(Recorded data)
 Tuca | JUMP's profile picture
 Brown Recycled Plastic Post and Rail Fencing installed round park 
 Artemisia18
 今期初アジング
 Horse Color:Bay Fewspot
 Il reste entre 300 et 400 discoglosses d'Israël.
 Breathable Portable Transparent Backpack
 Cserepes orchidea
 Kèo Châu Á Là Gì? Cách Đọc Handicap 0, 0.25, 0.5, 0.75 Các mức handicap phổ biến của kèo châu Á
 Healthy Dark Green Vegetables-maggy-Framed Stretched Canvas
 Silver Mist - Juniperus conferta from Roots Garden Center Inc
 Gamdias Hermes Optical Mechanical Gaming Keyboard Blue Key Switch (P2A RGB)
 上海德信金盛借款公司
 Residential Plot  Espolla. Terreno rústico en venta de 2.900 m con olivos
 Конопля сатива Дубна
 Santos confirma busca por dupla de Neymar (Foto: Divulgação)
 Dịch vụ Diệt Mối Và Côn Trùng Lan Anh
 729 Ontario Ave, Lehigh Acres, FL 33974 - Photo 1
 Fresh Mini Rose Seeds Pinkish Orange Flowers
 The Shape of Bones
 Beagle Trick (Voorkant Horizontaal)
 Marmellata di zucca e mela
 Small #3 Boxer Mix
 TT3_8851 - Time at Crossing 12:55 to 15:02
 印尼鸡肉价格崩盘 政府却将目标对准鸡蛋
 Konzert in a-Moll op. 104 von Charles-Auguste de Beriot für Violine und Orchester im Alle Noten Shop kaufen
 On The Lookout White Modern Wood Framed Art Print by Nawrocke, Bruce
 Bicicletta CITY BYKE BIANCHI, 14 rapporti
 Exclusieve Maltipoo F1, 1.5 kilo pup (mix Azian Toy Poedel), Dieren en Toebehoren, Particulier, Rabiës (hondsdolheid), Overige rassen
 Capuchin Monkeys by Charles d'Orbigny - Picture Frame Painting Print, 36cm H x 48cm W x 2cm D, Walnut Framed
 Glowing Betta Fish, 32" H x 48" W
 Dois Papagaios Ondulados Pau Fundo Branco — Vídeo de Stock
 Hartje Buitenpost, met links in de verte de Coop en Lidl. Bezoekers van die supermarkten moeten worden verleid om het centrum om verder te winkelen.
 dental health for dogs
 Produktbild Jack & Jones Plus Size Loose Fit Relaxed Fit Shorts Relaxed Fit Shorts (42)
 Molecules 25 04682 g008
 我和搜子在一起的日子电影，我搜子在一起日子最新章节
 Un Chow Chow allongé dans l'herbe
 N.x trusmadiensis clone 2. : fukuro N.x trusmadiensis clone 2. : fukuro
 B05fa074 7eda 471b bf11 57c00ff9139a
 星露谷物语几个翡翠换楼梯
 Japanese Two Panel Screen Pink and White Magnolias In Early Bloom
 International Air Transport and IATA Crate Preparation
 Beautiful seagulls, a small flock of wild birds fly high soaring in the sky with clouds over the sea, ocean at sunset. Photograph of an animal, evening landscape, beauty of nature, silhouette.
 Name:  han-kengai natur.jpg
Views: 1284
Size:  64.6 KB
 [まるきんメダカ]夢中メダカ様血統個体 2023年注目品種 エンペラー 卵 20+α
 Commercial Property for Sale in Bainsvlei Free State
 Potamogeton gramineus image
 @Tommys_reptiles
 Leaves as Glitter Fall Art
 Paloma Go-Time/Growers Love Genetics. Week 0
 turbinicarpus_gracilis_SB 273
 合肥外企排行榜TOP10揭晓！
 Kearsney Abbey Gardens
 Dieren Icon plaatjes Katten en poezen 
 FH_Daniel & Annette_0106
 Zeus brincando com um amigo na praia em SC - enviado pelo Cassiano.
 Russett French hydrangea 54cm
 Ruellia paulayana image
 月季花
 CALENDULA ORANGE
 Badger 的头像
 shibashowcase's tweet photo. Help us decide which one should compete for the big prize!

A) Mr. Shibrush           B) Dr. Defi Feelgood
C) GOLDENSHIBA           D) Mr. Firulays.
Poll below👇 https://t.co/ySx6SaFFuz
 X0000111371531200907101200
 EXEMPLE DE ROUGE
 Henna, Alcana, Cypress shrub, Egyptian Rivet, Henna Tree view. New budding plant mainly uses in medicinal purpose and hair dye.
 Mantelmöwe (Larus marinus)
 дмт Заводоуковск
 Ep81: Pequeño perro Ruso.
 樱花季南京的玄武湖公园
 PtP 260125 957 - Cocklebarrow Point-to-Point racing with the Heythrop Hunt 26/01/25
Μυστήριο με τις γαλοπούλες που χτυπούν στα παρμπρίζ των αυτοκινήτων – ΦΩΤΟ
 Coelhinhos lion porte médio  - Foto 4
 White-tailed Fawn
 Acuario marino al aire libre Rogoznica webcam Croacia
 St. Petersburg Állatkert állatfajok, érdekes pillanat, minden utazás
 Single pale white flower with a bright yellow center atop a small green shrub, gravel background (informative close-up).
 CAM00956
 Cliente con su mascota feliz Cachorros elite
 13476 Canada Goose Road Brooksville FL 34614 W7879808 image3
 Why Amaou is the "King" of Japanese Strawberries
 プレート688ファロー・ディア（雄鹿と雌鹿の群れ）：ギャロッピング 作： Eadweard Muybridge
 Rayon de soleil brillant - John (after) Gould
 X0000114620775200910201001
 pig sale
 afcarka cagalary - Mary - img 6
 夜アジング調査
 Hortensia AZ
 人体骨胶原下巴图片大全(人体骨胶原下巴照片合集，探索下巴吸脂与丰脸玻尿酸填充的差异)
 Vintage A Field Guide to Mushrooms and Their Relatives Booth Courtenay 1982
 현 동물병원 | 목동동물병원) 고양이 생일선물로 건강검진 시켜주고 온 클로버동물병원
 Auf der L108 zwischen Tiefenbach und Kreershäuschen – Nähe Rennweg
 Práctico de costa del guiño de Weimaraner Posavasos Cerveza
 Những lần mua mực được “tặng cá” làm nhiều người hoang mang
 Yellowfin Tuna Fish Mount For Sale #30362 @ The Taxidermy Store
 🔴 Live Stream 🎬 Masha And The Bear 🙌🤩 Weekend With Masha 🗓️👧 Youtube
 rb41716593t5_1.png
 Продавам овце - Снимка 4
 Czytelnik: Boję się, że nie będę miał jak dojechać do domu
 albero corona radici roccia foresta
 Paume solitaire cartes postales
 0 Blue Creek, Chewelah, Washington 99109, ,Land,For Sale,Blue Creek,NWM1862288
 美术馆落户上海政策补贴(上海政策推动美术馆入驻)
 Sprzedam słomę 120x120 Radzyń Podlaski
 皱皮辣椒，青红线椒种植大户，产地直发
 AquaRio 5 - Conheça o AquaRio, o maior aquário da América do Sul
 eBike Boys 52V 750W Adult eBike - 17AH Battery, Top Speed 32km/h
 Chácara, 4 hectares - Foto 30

■ ABOUT THIS TASK ■
Where in the records does the string "Foto" appear? Copy every line that has it.

■ ANSWER SECTION ■
 Santos confirma busca por dupla de Neymar (Foto: Divulgação)
 Coelhinhos lion porte médio  - Foto 4
 Chácara, 4 hectares - Foto 30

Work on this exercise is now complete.